Only one portion of the data is to be written out: from the line bearing "ViperOne 7.0.0 HTC" through the line bearing "bandh in Deogarh". Write it exactly as it appears.

[DATA]

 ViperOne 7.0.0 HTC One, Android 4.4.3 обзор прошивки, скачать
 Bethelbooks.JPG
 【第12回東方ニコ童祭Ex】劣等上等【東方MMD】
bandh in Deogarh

[/DATA]
[DATA]

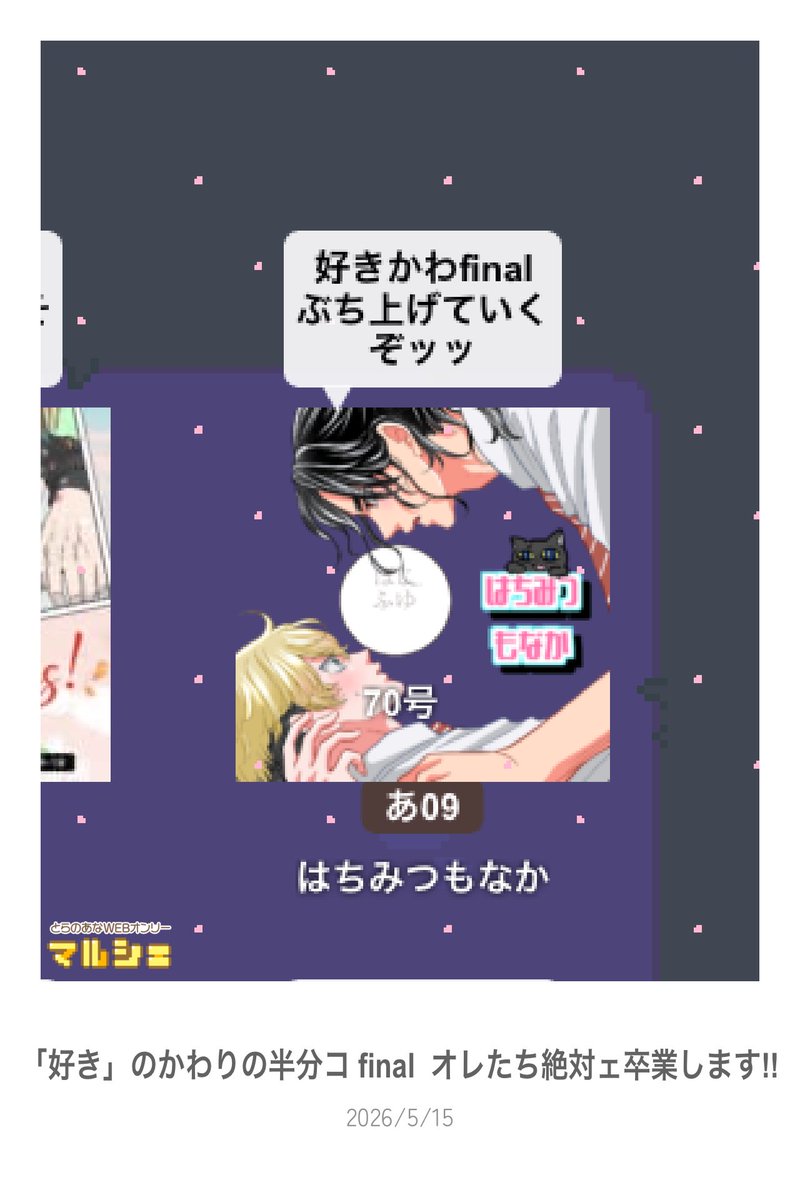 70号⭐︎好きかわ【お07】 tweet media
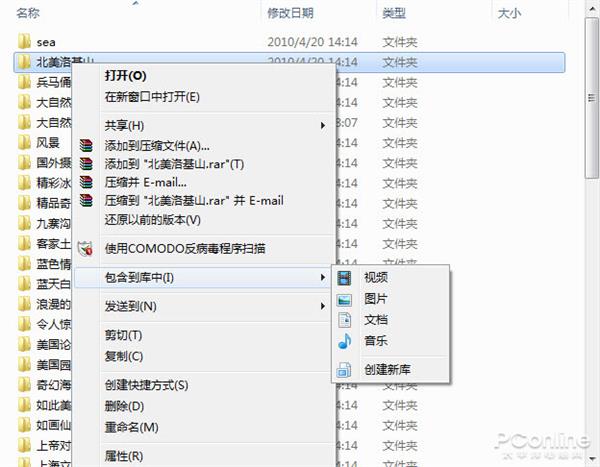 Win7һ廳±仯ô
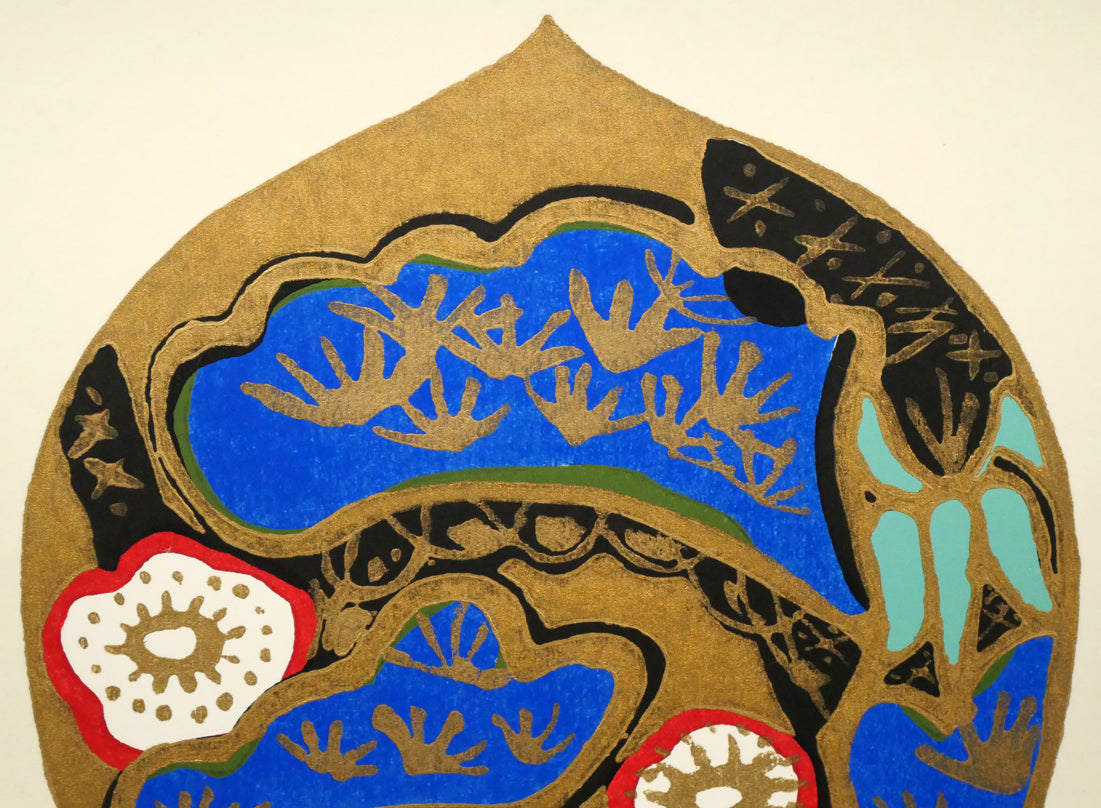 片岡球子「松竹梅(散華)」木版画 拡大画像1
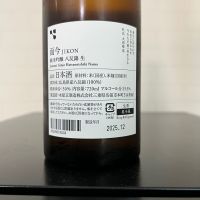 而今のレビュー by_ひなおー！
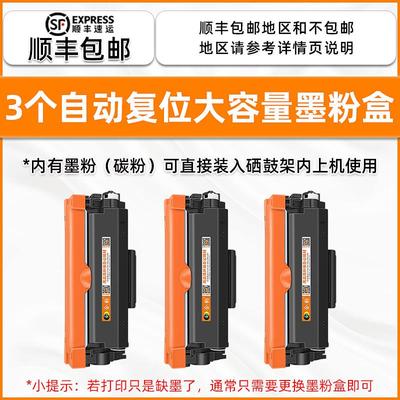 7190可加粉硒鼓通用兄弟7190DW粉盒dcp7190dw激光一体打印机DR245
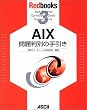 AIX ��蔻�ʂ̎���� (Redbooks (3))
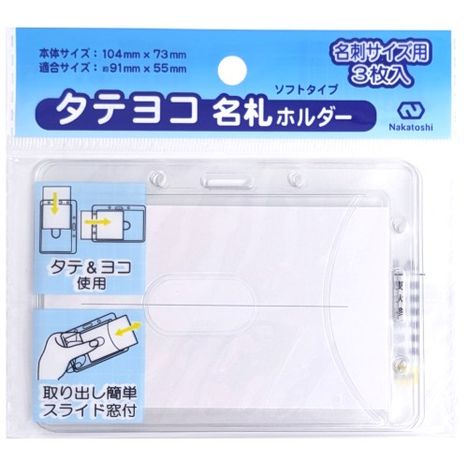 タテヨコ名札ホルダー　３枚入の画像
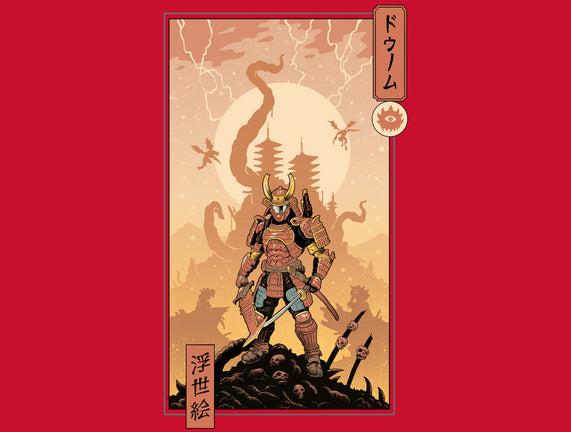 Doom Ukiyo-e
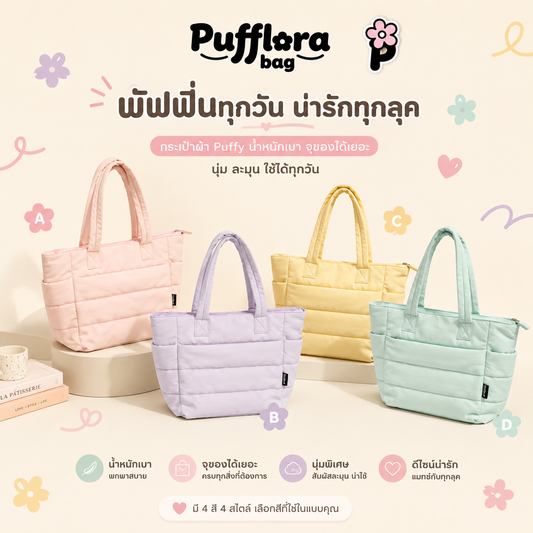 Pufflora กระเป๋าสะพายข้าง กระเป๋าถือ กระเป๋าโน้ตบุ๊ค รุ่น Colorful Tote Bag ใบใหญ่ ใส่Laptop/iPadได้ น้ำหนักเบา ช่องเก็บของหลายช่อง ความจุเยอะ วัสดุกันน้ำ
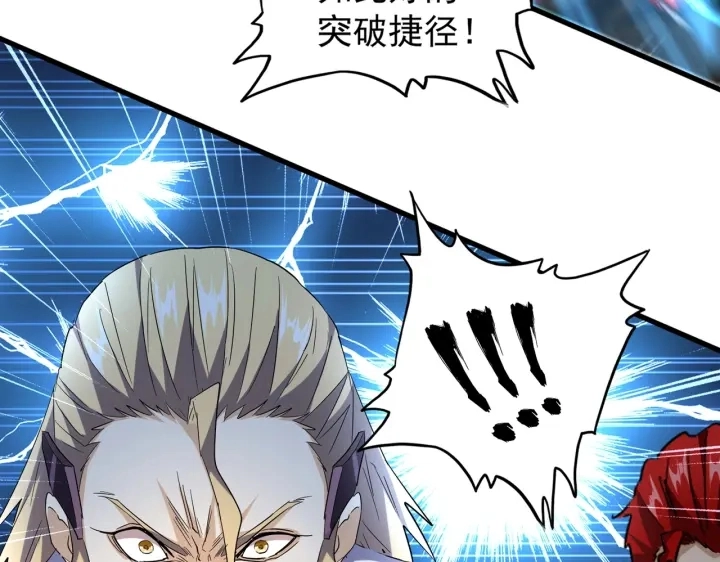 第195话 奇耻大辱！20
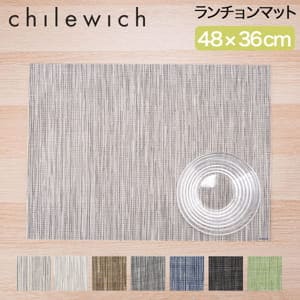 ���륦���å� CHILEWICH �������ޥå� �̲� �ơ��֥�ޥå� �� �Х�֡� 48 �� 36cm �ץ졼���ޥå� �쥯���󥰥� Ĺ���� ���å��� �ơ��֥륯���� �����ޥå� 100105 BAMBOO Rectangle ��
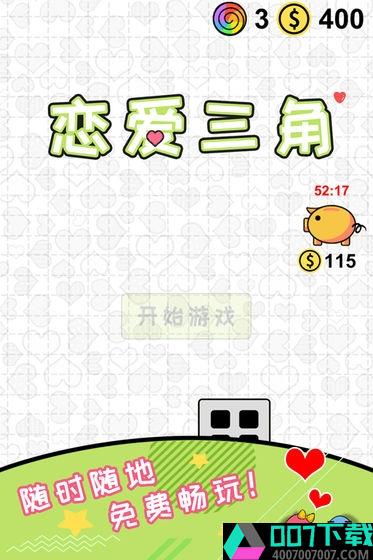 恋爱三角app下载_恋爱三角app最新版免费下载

[/DATA]
[DATA]

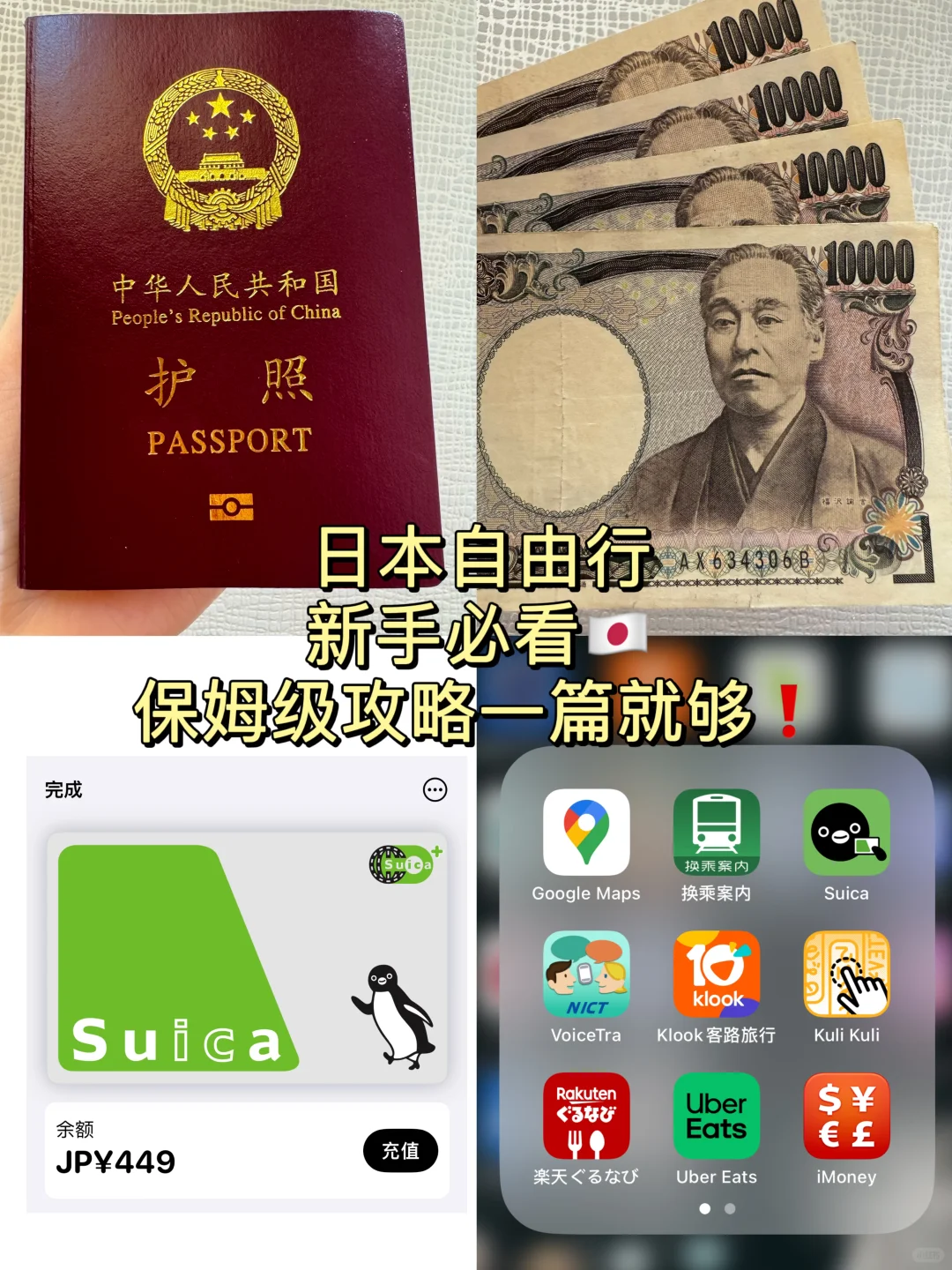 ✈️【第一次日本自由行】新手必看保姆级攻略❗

[/DATA]

## RESULT FOR THIS TASK
 ViperOne 7.0.0 HTC One, Android 4.4.3 обзор прошивки, скачать
 Bethelbooks.JPG
 【第12回東方ニコ童祭Ex】劣等上等【東方MMD】
bandh in Deogarh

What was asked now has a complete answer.